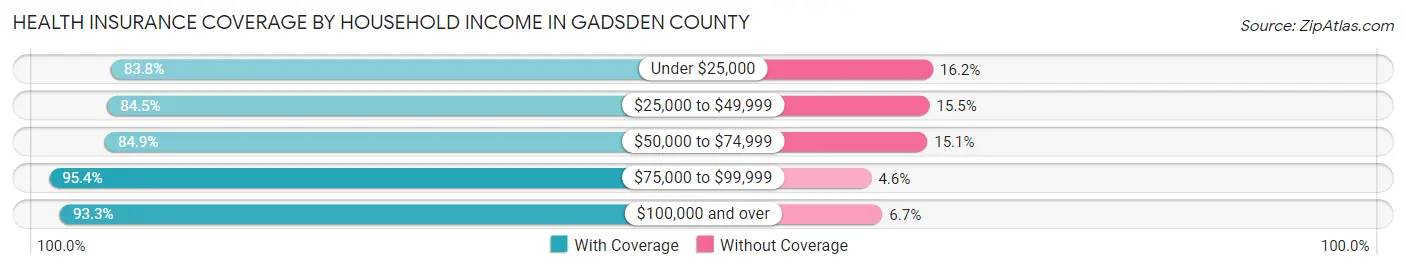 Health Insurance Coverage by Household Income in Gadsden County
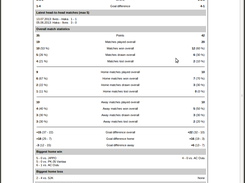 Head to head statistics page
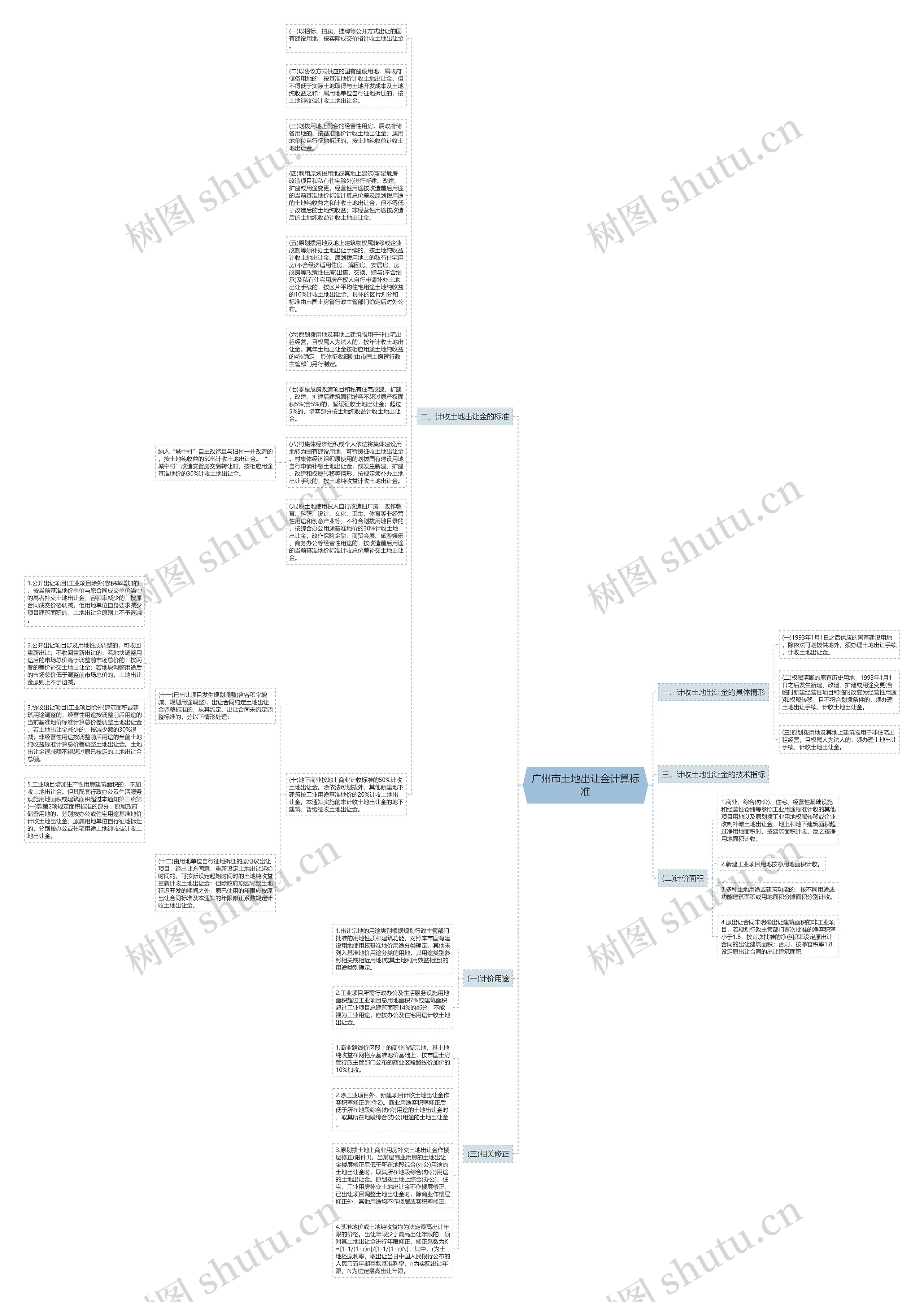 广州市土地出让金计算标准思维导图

^^^^

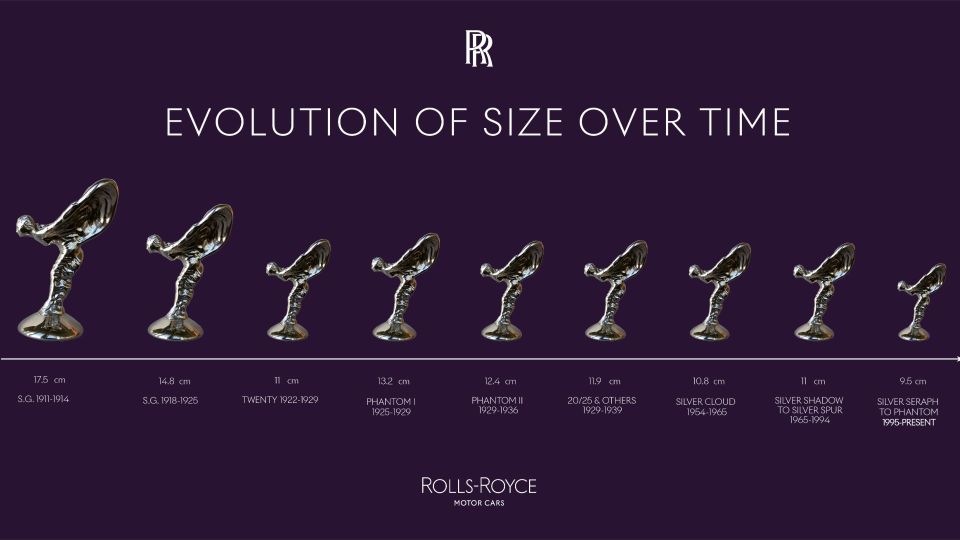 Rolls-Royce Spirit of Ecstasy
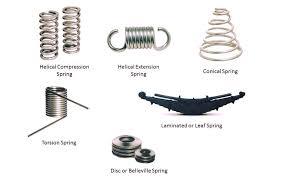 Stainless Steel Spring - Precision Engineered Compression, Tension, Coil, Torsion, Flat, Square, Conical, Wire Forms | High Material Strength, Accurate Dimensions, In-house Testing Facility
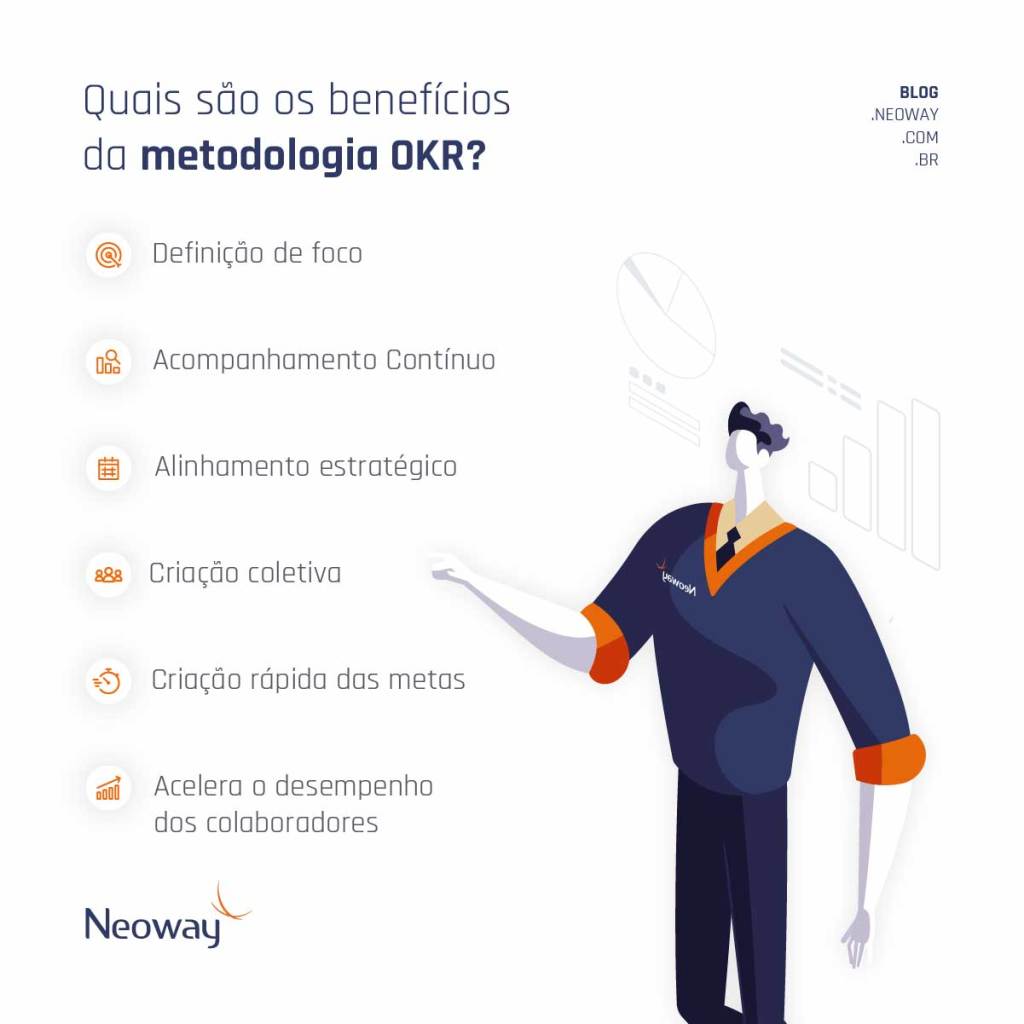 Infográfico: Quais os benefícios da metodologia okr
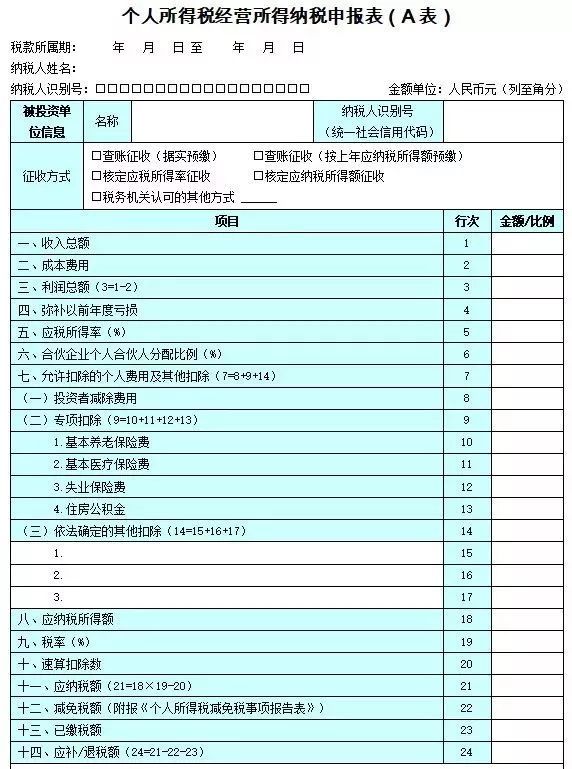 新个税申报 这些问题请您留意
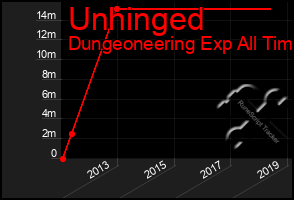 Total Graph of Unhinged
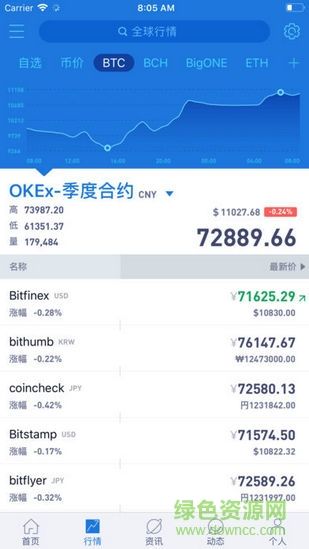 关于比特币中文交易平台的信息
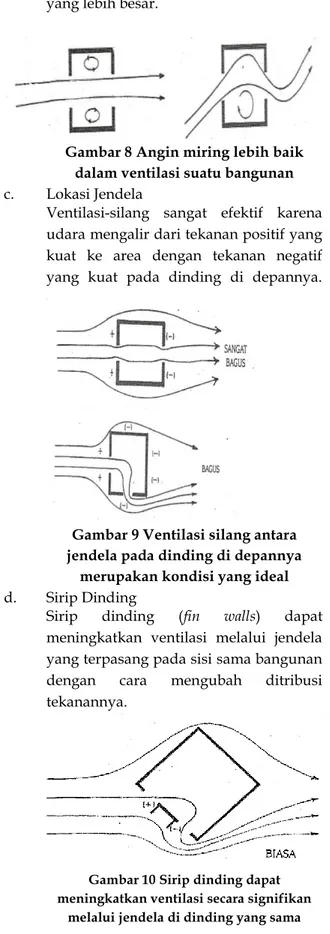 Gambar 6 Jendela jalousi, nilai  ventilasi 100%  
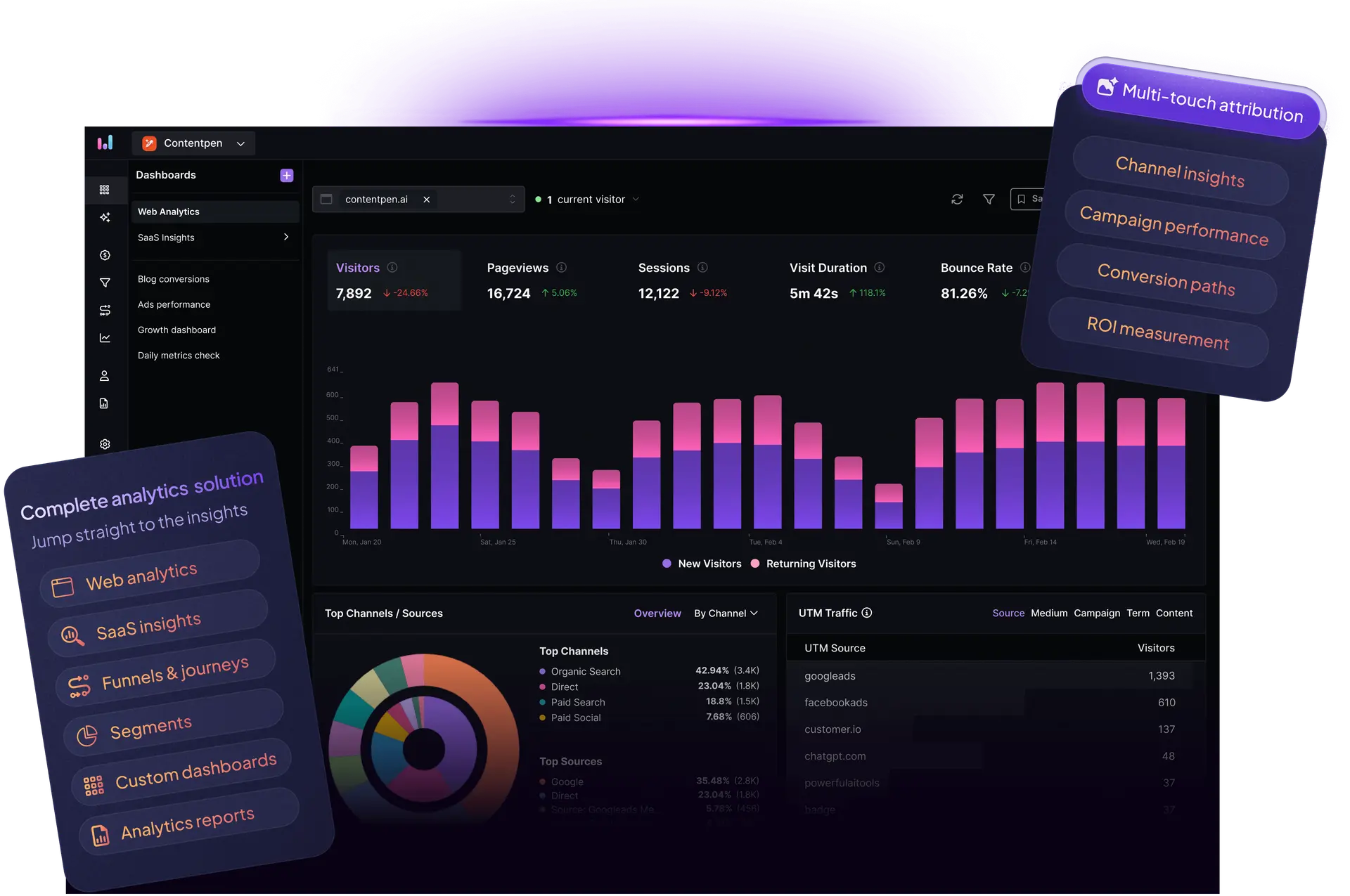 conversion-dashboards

^^^^

__Goal of the exercise__
What belongs in the answer is each line above from the line with "Health Insurance Coverage" to the line with "广州市土地出让金计算标准思维导图", inclusive, reproduced exactly and free of pictures.

__Exercise result__
 Health Insurance Coverage by Household Income in Gadsden County
 Head to head statistics page
 广州市土地出让金计算标准思维导图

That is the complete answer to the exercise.